YOUR TASK: Once the line containing "Pakistan has 5" is found in the material below, it and every line after it should be transcribed exactly, with pictures left out and nothing added.

### DATASET SECTION

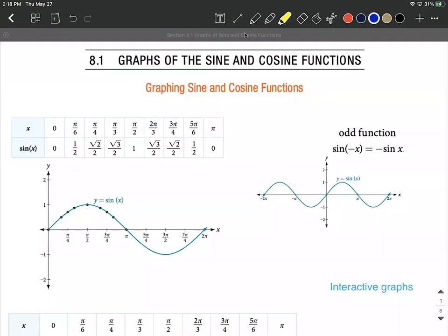Let's talk about sine and cosine functions and their graphs. When we're talking about these, we really want to focus on the quadrantal angles. The first one we have graphed here is sine, and we want to focus on zero, pi over two, pi, three pi over two, and two pi — and the points that correspond with the sine graph.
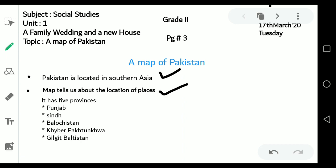Pakistan has 5 provinces: Punjab, Sindh, Balochistan, Khyber Pakhtunkhwa, and Gilgit-Baltistan.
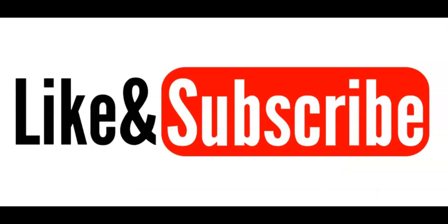Alright guys, that's all I have for you in this video. Make sure that you smash the thumbs up button if you found value in today's video. And if you enjoy our content, of course subscribe to the channel and hit that notification bell so that YouTube can let you know every time we release new content. Other than that guys, we'll catch you in the next video.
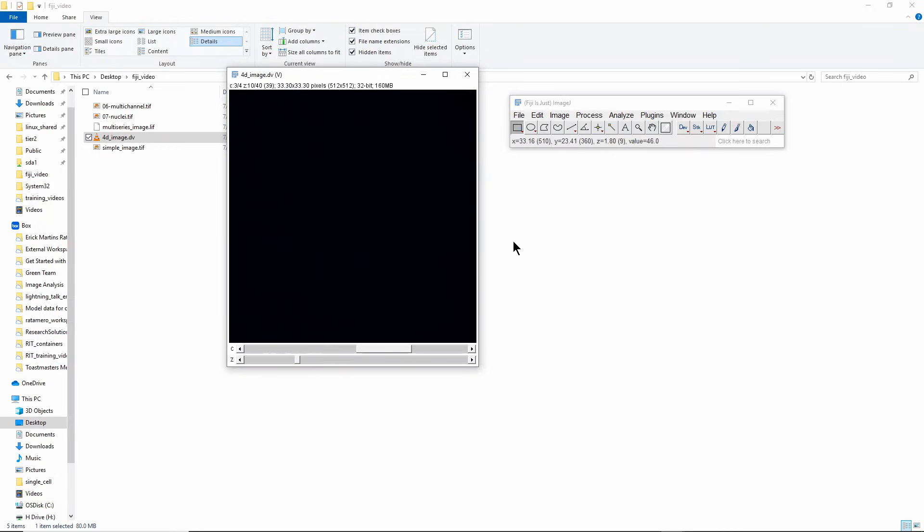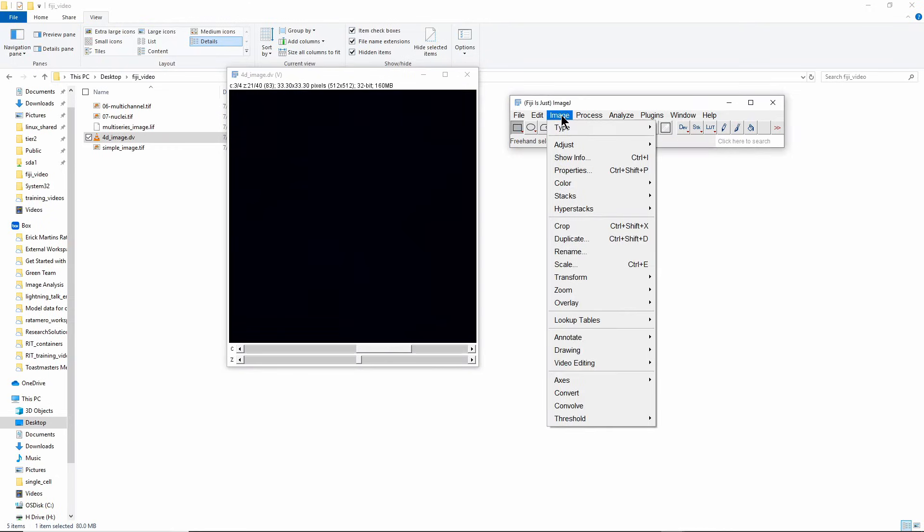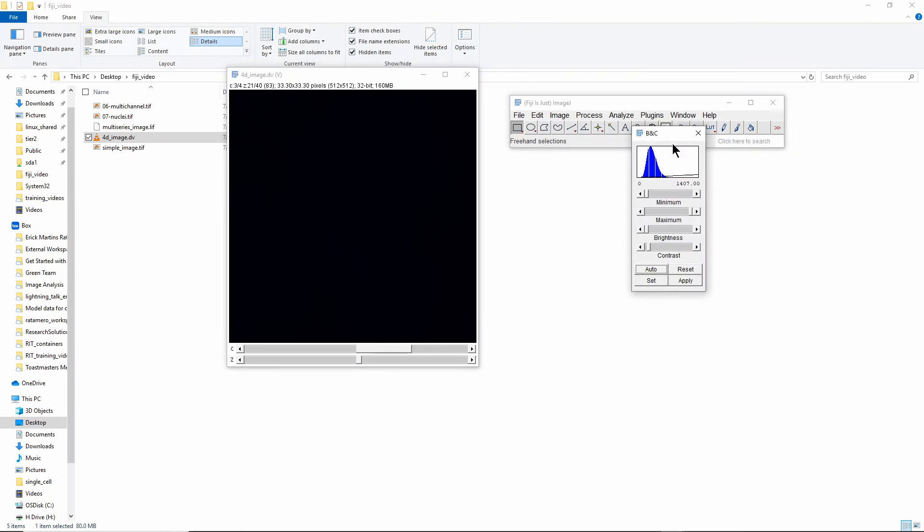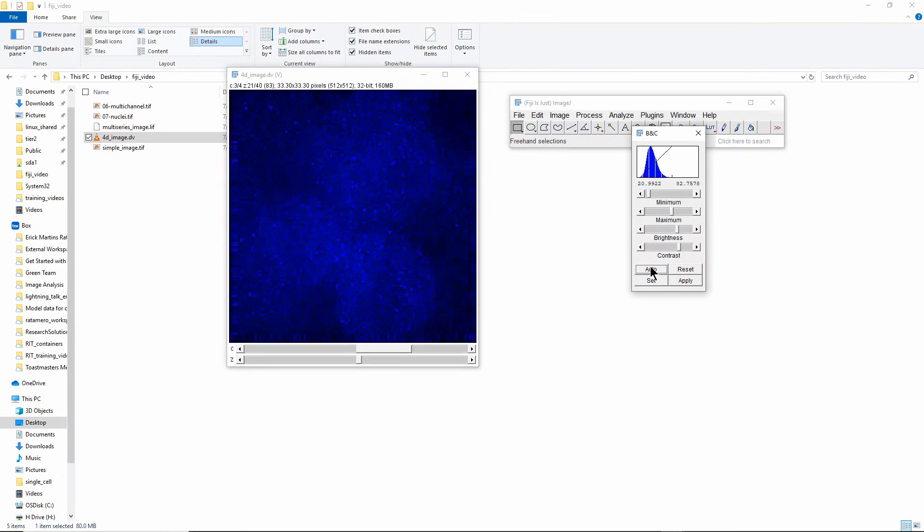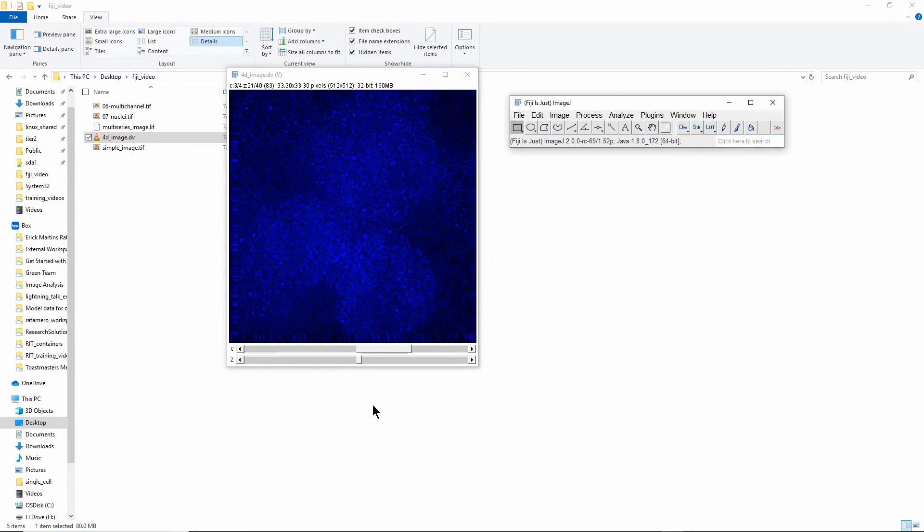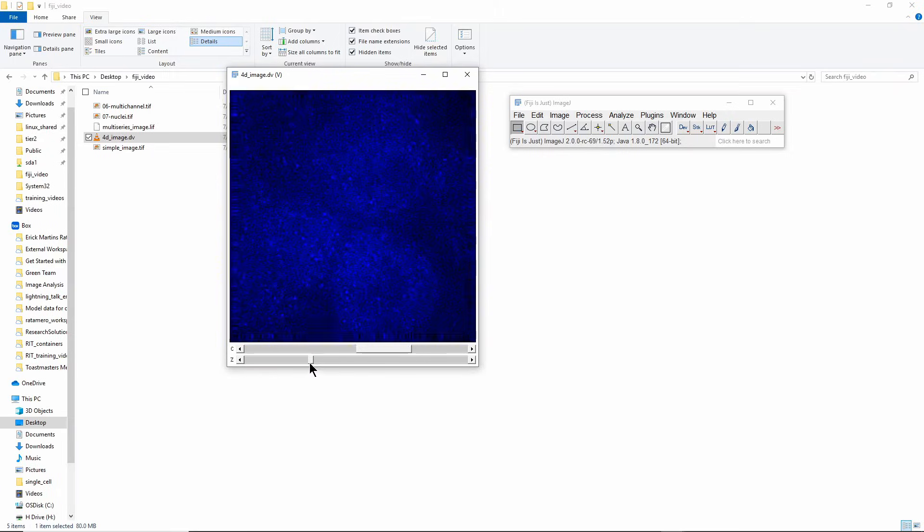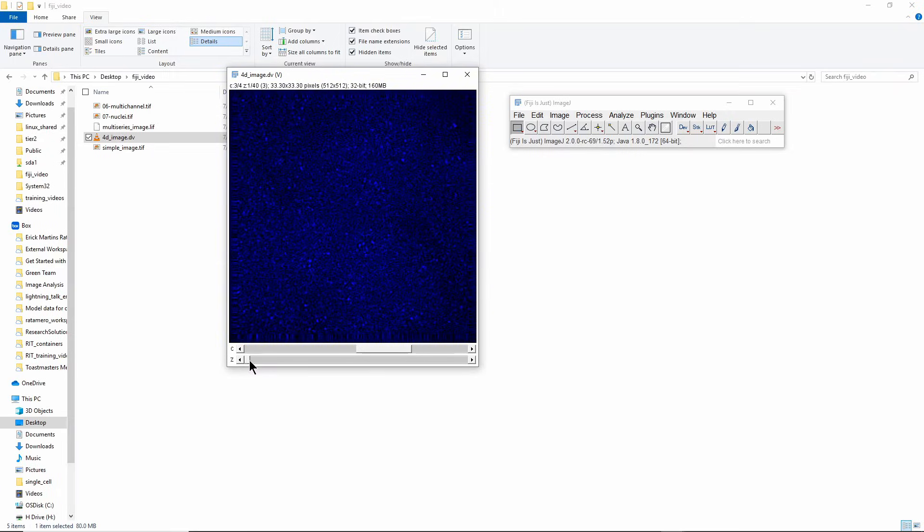I'll do the same thing for this channel. I'm going to go to Image > Adjust > Brightness and Contrast and press Auto, and all of a sudden you can see things that were there and you couldn't see before. Same thing as the green channel, you can see things.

######

COMPLETED EXERCISE:
Pakistan has 5 provinces: Punjab, Sindh, Balochistan, Khyber Pakhtunkhwa, and Gilgit-Baltistan.
Alright guys, that's all I have for you in this video. Make sure that you smash the thumbs up button if you found value in today's video. And if you enjoy our content, of course subscribe to the channel and hit that notification bell so that YouTube can let you know every time we release new content. Other than that guys, we'll catch you in the next video.
I'll do the same thing for this channel. I'm going to go to Image > Adjust > Brightness and Contrast and press Auto, and all of a sudden you can see things that were there and you couldn't see before. Same thing as the green channel, you can see things.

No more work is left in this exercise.